## Task to complete
Exact reproduction required: the lines below from the line with "Студия, 14.11 м², 5/16" to the line with "Chinese Antique Famille", both ends included, and no others.

## Exercise material
· · · · ·

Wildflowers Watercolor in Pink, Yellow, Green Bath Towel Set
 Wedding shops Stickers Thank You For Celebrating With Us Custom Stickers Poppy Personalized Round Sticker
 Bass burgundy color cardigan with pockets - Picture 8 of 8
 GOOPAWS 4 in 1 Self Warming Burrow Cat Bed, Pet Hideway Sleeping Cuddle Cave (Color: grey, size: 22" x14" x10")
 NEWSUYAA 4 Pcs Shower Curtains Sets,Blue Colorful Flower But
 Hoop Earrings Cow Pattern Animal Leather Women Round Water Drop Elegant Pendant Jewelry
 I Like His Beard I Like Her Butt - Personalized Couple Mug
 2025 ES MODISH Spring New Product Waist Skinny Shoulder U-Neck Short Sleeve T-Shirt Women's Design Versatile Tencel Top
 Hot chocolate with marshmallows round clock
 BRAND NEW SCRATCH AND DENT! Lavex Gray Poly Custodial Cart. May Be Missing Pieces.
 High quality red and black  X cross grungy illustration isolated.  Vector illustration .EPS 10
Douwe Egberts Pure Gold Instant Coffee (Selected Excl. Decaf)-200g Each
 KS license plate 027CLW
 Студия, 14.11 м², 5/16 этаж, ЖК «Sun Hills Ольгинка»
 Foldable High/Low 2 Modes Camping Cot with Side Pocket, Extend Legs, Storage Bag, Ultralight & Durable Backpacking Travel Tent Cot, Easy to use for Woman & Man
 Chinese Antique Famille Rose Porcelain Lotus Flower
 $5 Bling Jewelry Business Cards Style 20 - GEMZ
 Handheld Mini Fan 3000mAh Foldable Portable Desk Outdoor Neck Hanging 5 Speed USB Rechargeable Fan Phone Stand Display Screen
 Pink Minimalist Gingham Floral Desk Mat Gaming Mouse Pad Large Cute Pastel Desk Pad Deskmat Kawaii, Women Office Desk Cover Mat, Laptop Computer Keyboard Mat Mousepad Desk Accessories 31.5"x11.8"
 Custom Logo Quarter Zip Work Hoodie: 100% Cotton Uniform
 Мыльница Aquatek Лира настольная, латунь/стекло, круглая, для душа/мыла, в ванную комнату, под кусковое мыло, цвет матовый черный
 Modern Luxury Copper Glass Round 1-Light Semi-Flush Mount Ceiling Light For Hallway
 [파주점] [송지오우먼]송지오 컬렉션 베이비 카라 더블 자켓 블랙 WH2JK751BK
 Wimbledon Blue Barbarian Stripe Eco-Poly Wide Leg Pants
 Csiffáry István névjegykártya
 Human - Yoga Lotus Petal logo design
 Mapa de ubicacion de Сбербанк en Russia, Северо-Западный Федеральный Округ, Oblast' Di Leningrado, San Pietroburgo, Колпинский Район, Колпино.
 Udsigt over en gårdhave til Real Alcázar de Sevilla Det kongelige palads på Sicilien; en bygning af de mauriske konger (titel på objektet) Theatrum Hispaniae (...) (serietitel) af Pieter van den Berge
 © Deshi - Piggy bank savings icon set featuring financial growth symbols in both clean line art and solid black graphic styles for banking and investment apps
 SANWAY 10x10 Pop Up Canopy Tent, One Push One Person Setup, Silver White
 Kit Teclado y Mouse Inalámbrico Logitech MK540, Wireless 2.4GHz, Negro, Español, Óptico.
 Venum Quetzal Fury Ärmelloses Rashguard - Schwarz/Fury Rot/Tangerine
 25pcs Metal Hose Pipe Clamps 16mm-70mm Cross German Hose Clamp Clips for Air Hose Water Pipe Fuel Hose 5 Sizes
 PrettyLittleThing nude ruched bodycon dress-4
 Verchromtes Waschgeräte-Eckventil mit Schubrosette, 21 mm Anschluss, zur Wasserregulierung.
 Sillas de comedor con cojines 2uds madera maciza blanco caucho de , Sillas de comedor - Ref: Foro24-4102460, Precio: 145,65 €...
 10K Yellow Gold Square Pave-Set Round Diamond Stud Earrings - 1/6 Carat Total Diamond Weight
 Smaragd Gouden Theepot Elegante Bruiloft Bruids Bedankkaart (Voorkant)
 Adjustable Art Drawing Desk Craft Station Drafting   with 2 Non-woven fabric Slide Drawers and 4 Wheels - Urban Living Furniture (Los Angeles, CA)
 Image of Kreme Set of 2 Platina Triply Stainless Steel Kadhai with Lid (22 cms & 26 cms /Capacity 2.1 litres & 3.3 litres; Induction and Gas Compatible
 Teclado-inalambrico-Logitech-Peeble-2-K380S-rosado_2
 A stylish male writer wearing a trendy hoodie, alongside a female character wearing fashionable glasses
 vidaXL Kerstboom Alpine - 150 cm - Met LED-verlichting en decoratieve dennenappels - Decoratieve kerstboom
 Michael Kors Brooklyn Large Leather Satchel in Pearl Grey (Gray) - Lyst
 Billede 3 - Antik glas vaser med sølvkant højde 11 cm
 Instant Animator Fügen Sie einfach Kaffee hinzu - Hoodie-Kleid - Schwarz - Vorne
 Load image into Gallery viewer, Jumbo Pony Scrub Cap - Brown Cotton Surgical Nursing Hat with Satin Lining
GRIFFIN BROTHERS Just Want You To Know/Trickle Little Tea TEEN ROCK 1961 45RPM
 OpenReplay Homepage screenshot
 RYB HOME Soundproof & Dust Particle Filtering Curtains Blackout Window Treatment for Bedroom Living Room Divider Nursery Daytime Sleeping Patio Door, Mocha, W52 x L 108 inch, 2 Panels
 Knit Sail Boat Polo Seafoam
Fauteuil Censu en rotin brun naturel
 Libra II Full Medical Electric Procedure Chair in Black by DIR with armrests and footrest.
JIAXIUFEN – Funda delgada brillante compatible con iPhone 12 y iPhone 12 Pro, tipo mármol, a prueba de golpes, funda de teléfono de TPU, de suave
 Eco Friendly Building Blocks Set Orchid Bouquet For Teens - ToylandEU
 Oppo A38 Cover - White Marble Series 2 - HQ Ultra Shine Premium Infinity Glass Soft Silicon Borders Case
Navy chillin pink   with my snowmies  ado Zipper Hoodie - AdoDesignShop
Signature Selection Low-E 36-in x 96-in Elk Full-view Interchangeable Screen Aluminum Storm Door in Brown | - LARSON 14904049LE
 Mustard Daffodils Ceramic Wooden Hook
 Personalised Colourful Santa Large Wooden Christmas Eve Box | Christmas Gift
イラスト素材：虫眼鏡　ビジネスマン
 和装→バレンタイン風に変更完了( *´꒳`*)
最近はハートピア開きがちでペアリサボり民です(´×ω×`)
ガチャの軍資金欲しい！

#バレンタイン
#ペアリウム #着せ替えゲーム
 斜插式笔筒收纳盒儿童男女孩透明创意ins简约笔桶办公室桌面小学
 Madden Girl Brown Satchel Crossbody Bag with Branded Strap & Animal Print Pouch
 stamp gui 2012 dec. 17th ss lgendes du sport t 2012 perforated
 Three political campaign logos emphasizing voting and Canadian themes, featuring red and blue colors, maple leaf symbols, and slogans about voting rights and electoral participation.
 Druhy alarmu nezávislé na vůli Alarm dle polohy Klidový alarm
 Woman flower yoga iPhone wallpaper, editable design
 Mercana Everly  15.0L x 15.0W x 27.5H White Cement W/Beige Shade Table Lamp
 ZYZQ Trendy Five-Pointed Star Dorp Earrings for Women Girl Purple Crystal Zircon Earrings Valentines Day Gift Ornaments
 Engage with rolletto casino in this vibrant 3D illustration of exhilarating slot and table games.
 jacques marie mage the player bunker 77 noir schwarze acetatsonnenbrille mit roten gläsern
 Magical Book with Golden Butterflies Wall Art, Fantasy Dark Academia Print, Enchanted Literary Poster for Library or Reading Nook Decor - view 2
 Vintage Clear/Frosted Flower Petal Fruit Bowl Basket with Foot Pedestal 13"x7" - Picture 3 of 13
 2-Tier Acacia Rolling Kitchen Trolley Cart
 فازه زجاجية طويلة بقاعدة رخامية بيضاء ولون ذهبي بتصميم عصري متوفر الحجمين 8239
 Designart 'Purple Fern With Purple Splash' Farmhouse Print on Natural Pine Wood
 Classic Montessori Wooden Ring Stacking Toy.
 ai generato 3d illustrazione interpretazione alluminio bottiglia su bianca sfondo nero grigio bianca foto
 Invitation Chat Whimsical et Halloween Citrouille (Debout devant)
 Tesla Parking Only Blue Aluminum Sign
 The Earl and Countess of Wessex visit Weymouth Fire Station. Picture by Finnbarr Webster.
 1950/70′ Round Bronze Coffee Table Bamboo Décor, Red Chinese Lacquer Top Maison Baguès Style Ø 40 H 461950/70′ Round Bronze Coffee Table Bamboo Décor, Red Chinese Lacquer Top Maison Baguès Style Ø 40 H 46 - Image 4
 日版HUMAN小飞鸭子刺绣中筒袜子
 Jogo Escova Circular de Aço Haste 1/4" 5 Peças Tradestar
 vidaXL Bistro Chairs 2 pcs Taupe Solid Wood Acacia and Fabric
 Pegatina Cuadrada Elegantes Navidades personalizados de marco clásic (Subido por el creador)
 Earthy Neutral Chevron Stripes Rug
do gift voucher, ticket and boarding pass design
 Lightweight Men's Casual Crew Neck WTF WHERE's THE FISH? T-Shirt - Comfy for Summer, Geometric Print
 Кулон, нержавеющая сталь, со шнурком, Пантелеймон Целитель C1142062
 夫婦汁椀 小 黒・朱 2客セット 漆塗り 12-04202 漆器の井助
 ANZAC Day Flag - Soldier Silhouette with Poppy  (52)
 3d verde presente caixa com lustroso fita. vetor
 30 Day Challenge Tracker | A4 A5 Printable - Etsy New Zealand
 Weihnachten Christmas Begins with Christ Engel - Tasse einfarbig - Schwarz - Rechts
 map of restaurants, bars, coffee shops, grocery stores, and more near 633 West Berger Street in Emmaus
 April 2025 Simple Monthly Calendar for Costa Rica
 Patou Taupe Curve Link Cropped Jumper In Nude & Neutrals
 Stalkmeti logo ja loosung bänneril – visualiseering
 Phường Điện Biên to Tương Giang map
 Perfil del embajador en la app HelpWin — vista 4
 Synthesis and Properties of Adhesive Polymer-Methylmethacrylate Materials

· · · · ·

## Solution to this exercise
 Студия, 14.11 м², 5/16 этаж, ЖК «Sun Hills Ольгинка»
 Foldable High/Low 2 Modes Camping Cot with Side Pocket, Extend Legs, Storage Bag, Ultralight & Durable Backpacking Travel Tent Cot, Easy to use for Woman & Man
 Chinese Antique Famille Rose Porcelain Lotus Flower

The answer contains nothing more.